As Canadians living abroad, both Amos and I have been closely following press reports about the Toronto-area suspects (most from the well-off suburb of Mississauga) accused of having formed a terrorist cell and of plotting to bomb numerous targets in Ontario. All of the suspects were Muslims of various origins (Pakistani and Arab) attracted to extremist ideas. The Globe and Mail, Canada’s national newspaper, has had some really good coverage of the different people involved and of their family backgrounds. From two recent articles, it appears that most of them, with the exception of their ringleader (a 40 year old father figure), were very young. They were either in high school or had recently graduated from high school. It should be noted that none of them seemed to be from families that were struggling financially. Now, one of the things that all of these kids appear to have had in common was a really low regard for Canada and Canadian society. What I found remarkable was that they do not appear to have had real grievances about racism or discrimination in Canada against Muslims in general, at least not as far as I remember.
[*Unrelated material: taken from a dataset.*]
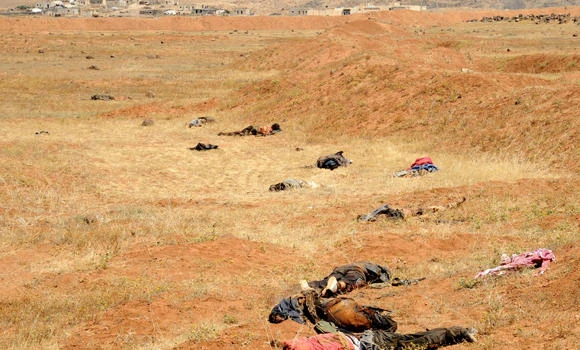Assad forces, Hezbollah advance along Lebanon border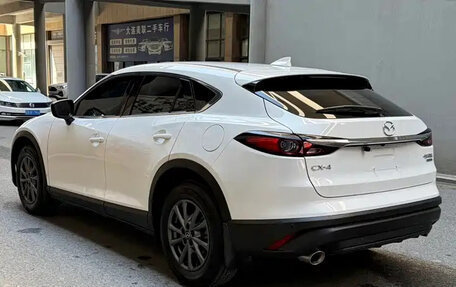 Mazda CX-4, 2021 год, 1 560 000 рублей, 4 фотография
What they did seem to have is resentment against and a total lack of identification with what one might describe as plain-old “white” Canada.
Reading some of the things they are said to have posted on their internet forum and blog, one really gets the sense that they were not unlike some of those ethnic high school cliques that latch onto gangster motifs that they see on rap videos. It’s a pretty typical North American high school phenomenon: there’s always a group of badass or wanna-be badass kids of South Asian, Caribbean, Latin American or other backgrounds whose parents are the most upstanding, middle class people, but whose kids are drawn to more hardcore identities and have a real disdain for whatever they identify as “white”. What they’ve designated as “white” Canada is just not cool in their eyes. Of course, most of these kids, being of middle class backgrounds anyway grow out of this teenage angst phase once they graduate from high school and start college or whatever. In the case of the suspects, though, they seem to have expressed their teenage angst through an attraction to fanatical Islamism and a hatred for Canada and the West. Instead of being fascinated by the graphic accounts of violence, the anti-Man messages and the “protest” lyrics of gangsta rap, these kids glorify jihad and martyrdom. In their case, Osama bin Laden and Zarqawi replace Tupac and Biggy Smalls. It’s as if they are basically attracted to the same things as other suburban wanna-be gangsters, the difference being that the Mississauga would-be terrorists are clued in to some other cultural.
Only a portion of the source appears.